#### Supplied data:
# # # # #
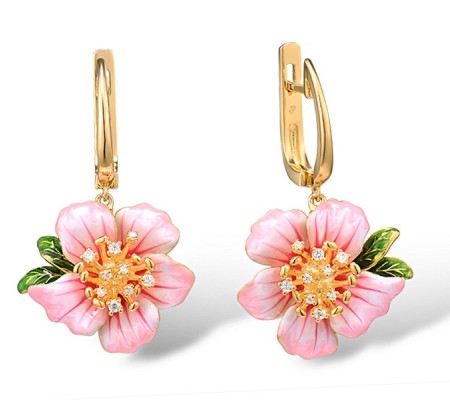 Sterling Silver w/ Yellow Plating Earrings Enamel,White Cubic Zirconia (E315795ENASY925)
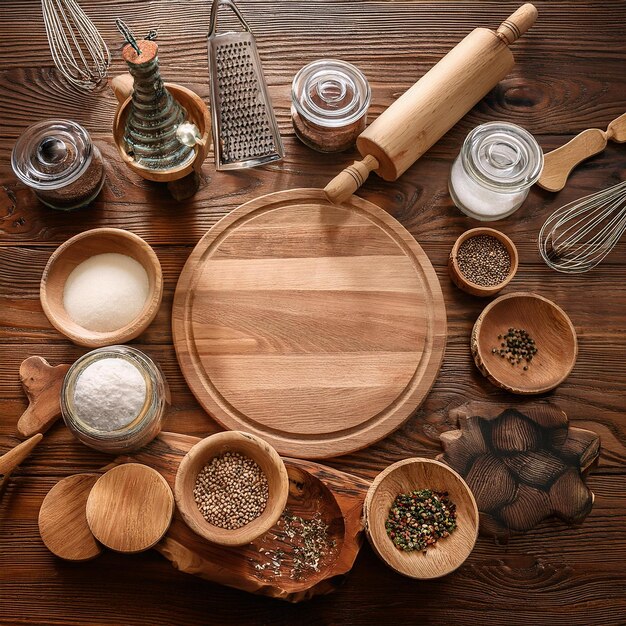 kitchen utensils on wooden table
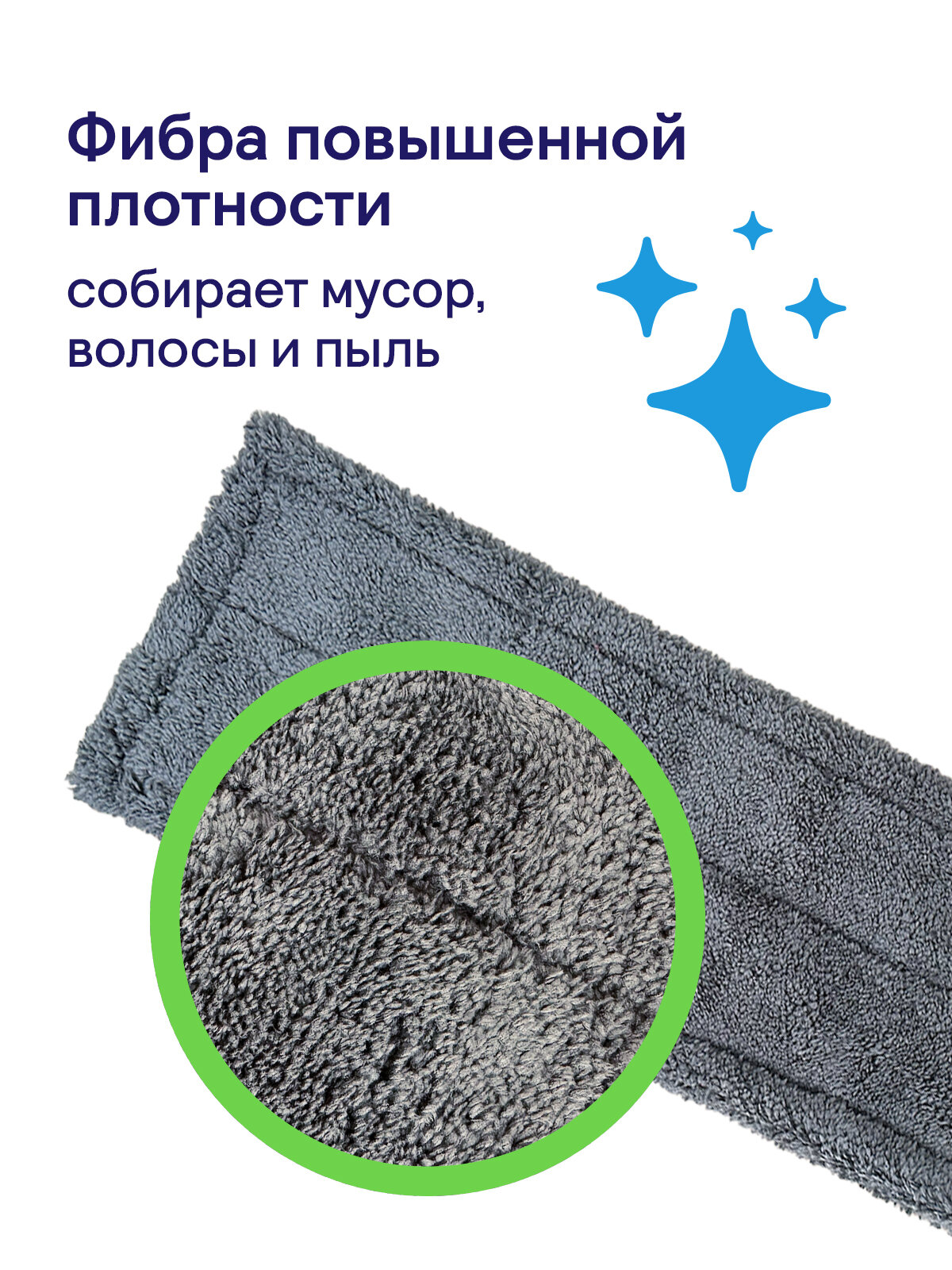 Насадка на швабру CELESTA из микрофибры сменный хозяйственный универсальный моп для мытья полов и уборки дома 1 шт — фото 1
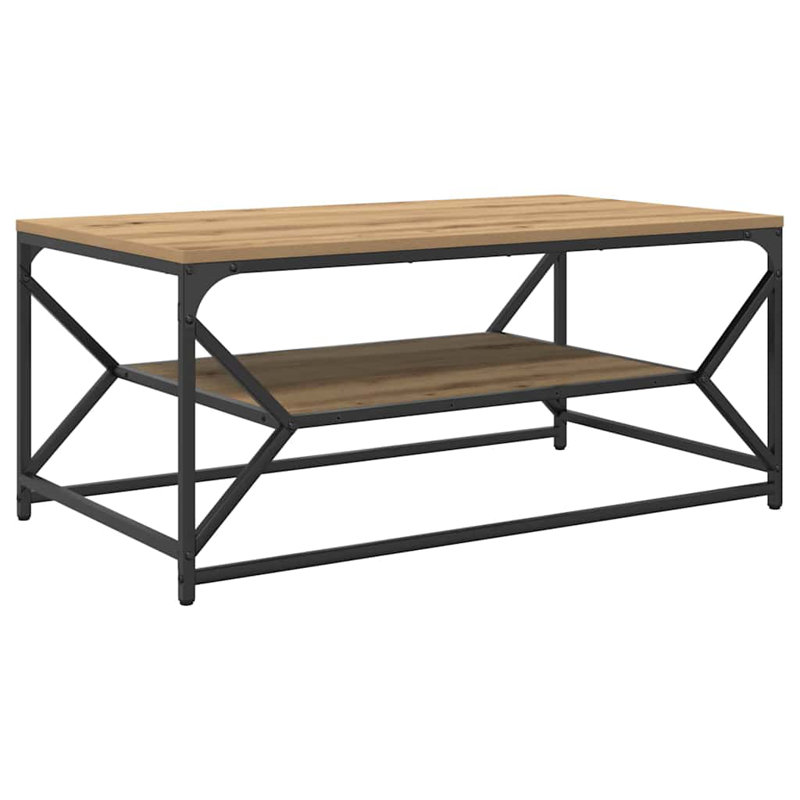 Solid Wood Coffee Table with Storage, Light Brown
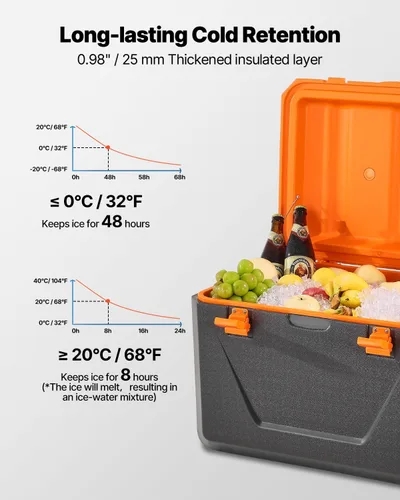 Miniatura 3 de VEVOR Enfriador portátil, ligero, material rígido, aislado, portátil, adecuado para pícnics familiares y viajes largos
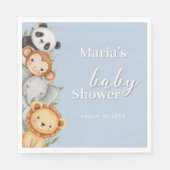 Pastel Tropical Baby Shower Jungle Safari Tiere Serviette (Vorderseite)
# # # # #
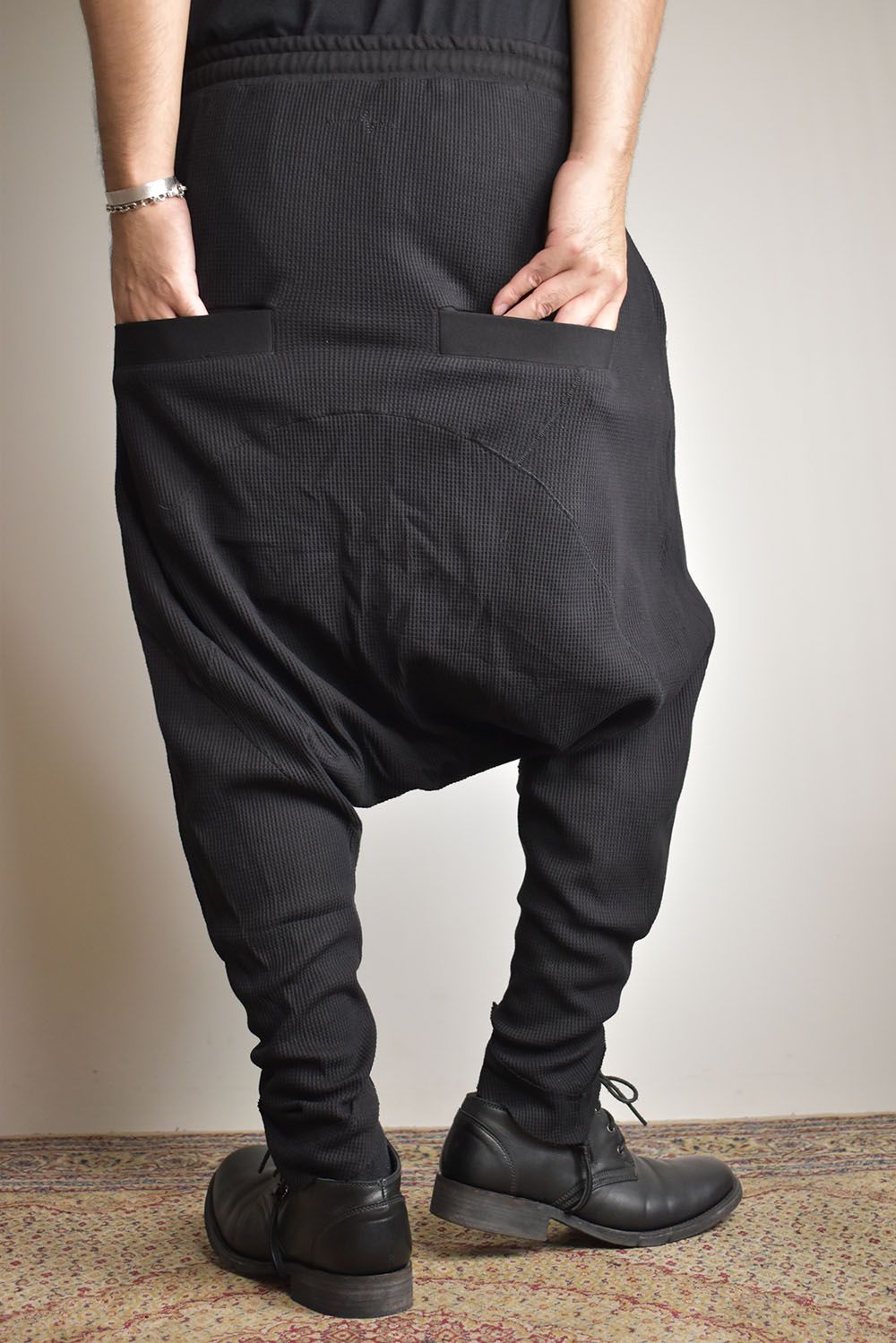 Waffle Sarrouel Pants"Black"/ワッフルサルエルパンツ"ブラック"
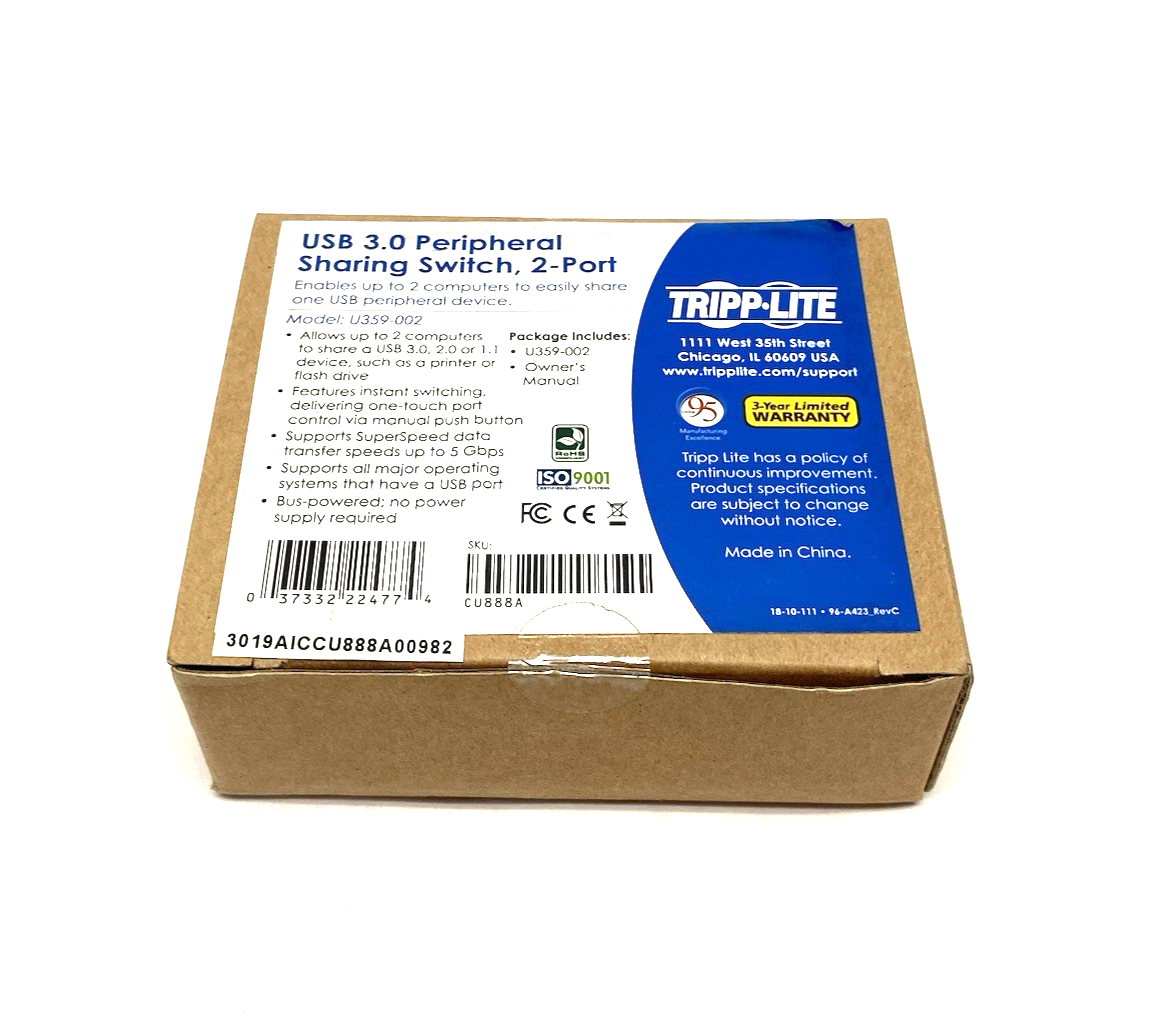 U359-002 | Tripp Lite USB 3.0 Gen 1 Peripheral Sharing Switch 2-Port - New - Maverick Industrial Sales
# # # # #
#### What is required:
Pictures do not belong in the answer. Return the lines above starting at the one with "Sterling Silver w/" and ending at the one with "Насадка на швабру", both kept, exactly.

#### Solution below:
 Sterling Silver w/ Yellow Plating Earrings Enamel,White Cubic Zirconia (E315795ENASY925)
 kitchen utensils on wooden table
 Насадка на швабру CELESTA из микрофибры сменный хозяйственный универсальный моп для мытья полов и уборки дома 1 шт — фото 1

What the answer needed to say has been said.